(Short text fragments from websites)
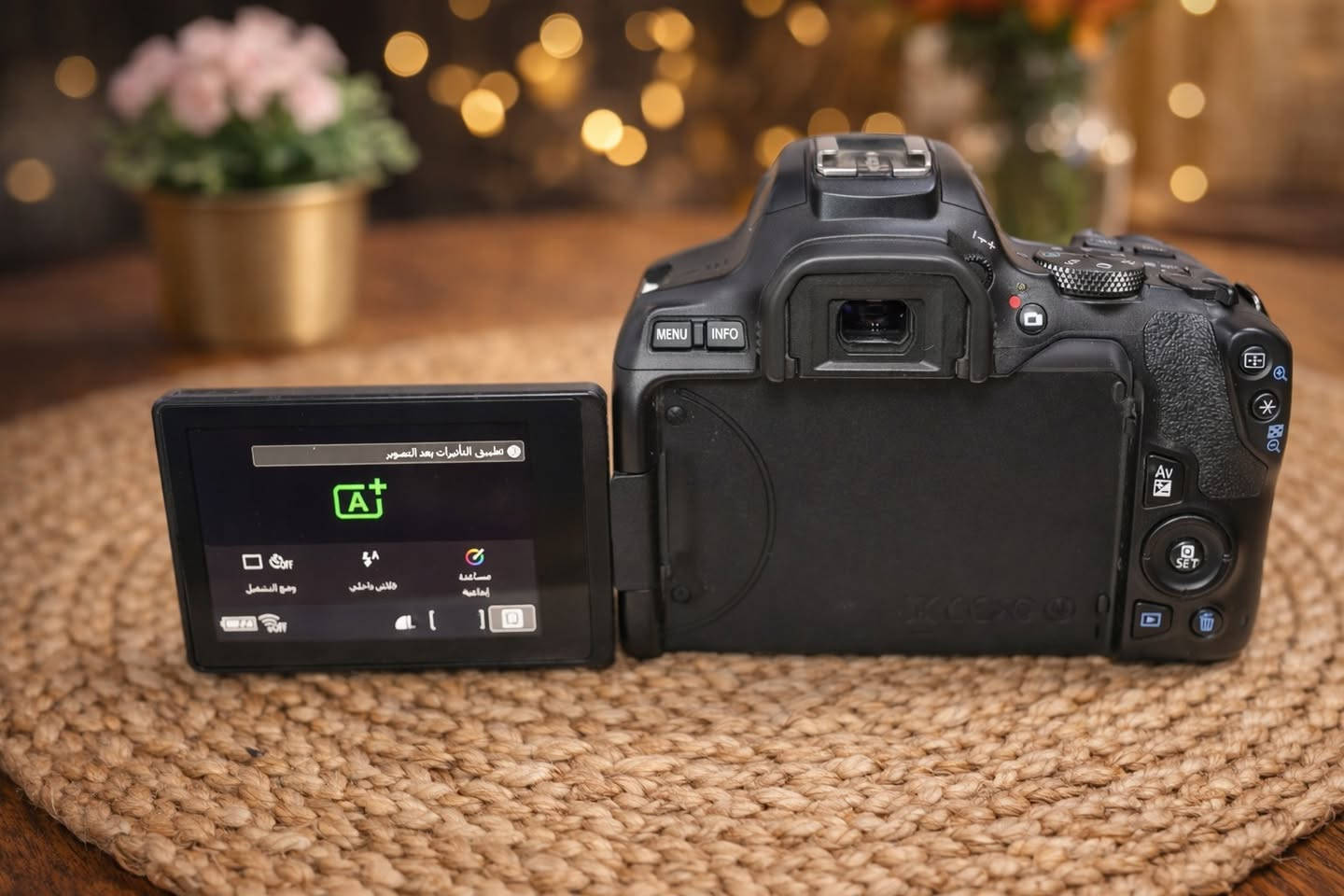 للبيع كاميرا كانون EOS 250D بحالة ممتازة شترها يقرا 18 الف تجمع بين قوة الـ DSLR وسهولة الاستخدام.

أبرز المواصفات:

الدقة: 24.1 ميجابكسل لصور غاية في النقاء.

الفيديو: دقة 4K مذهلة مع مدخل مايكروفون خارجي.

الشاشة: شاشة لمس متحركة بالكامل (سهلة جداً لتصوير السيلفي والفلوقات).

الفوكس: نظام Dual Pixel الذكي لتتبع العين والوجه.

البطارية: أداء جبار يصل إلى 1070 صورة في الشحنة الواحدة.

مابيها خدوش، استخدام منزلي بسيط

الملحقات : عدستها الاصلية , بطارية اصلية مع شاحن , جنطة صغيرة , حزام كارتون

المكان : الموصل

السعر : 600 الف

للتواصل الاتصال على الارقام التالية : *********** / ***********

Exercise prompt:
What you return must be the entries above, exactly as they appear, without any pictures.

Solution to this problem:
 للبيع كاميرا كانون EOS 250D بحالة ممتازة شترها يقرا 18 الف تجمع بين قوة الـ DSLR وسهولة الاستخدام.

أبرز المواصفات:

الدقة: 24.1 ميجابكسل لصور غاية في النقاء.

الفيديو: دقة 4K مذهلة مع مدخل مايكروفون خارجي.

الشاشة: شاشة لمس متحركة بالكامل (سهلة جداً لتصوير السيلفي والفلوقات).

الفوكس: نظام Dual Pixel الذكي لتتبع العين والوجه.

البطارية: أداء جبار يصل إلى 1070 صورة في الشحنة الواحدة.

مابيها خدوش، استخدام منزلي بسيط

الملحقات : عدستها الاصلية , بطارية اصلية مع شاحن , جنطة صغيرة , حزام كارتون

المكان : الموصل

السعر : 600 الف

للتواصل الاتصال على الارقام التالية : *********** / ***********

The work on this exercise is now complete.